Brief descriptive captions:
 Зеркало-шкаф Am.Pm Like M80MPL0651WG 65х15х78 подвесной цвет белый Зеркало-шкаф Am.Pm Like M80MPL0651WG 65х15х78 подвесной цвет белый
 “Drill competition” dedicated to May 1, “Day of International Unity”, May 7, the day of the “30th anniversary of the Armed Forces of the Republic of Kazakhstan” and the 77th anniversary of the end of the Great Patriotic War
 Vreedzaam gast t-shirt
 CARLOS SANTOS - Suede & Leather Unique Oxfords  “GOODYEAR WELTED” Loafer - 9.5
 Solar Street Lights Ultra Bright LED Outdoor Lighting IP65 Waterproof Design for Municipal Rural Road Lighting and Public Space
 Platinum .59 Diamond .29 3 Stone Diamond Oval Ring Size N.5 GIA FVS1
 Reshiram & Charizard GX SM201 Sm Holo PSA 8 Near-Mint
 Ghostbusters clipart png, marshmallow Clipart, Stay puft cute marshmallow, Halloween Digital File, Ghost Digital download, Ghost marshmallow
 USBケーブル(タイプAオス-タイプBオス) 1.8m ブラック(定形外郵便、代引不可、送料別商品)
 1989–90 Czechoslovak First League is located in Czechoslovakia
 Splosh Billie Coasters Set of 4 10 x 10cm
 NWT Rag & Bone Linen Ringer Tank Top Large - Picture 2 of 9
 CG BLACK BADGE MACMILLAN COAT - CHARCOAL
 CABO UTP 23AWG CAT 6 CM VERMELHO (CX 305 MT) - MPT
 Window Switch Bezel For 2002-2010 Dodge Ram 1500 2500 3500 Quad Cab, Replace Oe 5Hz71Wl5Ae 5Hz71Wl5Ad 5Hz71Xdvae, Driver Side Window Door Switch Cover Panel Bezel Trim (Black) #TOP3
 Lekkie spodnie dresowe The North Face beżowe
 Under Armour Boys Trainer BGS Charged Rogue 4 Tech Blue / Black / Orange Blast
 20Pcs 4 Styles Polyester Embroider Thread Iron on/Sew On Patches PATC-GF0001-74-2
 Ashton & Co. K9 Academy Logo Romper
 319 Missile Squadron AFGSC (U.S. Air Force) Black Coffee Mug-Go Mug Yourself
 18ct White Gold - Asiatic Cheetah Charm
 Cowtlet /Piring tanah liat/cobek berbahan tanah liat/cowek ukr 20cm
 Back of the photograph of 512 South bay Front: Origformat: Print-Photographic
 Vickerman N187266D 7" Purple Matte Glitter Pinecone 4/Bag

Exercise:
Once the line with "Solar Street Lights" is found in the records above, print exactly that line and every line after it through the line with "CABO UTP 23AWG".

Task answer:
 Solar Street Lights Ultra Bright LED Outdoor Lighting IP65 Waterproof Design for Municipal Rural Road Lighting and Public Space
 Platinum .59 Diamond .29 3 Stone Diamond Oval Ring Size N.5 GIA FVS1
 Reshiram & Charizard GX SM201 Sm Holo PSA 8 Near-Mint
 Ghostbusters clipart png, marshmallow Clipart, Stay puft cute marshmallow, Halloween Digital File, Ghost Digital download, Ghost marshmallow
 USBケーブル(タイプAオス-タイプBオス) 1.8m ブラック(定形外郵便、代引不可、送料別商品)
 1989–90 Czechoslovak First League is located in Czechoslovakia
 Splosh Billie Coasters Set of 4 10 x 10cm
 NWT Rag & Bone Linen Ringer Tank Top Large - Picture 2 of 9
 CG BLACK BADGE MACMILLAN COAT - CHARCOAL
 CABO UTP 23AWG CAT 6 CM VERMELHO (CX 305 MT) - MPT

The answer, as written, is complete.